[Short descriptive text snippets]
BEGIN

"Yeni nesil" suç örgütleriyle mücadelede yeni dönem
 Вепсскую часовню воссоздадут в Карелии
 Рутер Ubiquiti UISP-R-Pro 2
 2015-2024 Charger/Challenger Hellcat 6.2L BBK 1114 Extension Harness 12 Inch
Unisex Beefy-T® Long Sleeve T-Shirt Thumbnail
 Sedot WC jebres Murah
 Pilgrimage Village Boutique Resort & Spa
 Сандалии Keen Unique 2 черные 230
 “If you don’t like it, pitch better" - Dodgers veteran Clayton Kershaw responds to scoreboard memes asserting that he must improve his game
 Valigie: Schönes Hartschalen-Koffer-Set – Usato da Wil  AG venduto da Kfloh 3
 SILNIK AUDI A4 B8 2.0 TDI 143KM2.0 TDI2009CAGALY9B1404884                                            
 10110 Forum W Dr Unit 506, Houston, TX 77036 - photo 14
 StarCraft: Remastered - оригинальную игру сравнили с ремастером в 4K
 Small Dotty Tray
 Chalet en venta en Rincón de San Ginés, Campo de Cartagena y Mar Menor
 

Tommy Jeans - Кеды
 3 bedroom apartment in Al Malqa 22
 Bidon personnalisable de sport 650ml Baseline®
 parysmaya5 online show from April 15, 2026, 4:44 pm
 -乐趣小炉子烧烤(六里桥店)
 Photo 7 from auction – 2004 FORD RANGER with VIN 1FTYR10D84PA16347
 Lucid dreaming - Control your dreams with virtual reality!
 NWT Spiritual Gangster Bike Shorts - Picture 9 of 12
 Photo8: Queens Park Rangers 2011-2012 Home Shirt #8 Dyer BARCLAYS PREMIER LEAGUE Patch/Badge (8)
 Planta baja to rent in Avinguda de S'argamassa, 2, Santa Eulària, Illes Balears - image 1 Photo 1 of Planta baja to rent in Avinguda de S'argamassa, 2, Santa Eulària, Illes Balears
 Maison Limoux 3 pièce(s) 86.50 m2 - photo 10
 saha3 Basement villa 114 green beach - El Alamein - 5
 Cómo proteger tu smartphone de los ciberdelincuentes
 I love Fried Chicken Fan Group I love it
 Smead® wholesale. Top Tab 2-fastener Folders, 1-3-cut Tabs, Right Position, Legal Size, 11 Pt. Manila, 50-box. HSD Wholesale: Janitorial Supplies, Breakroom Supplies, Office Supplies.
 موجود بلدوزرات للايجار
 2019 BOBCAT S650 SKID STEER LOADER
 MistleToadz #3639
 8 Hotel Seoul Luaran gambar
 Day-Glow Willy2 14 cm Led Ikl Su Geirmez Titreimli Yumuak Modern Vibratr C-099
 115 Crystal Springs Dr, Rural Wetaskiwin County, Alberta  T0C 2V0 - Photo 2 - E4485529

END

■ **Work instructions**: Whenever the word "from" appears in a line above, copy that line.

■ **Response box**:
 parysmaya5 online show from April 15, 2026, 4:44 pm
 Photo 7 from auction – 2004 FORD RANGER with VIN 1FTYR10D84PA16347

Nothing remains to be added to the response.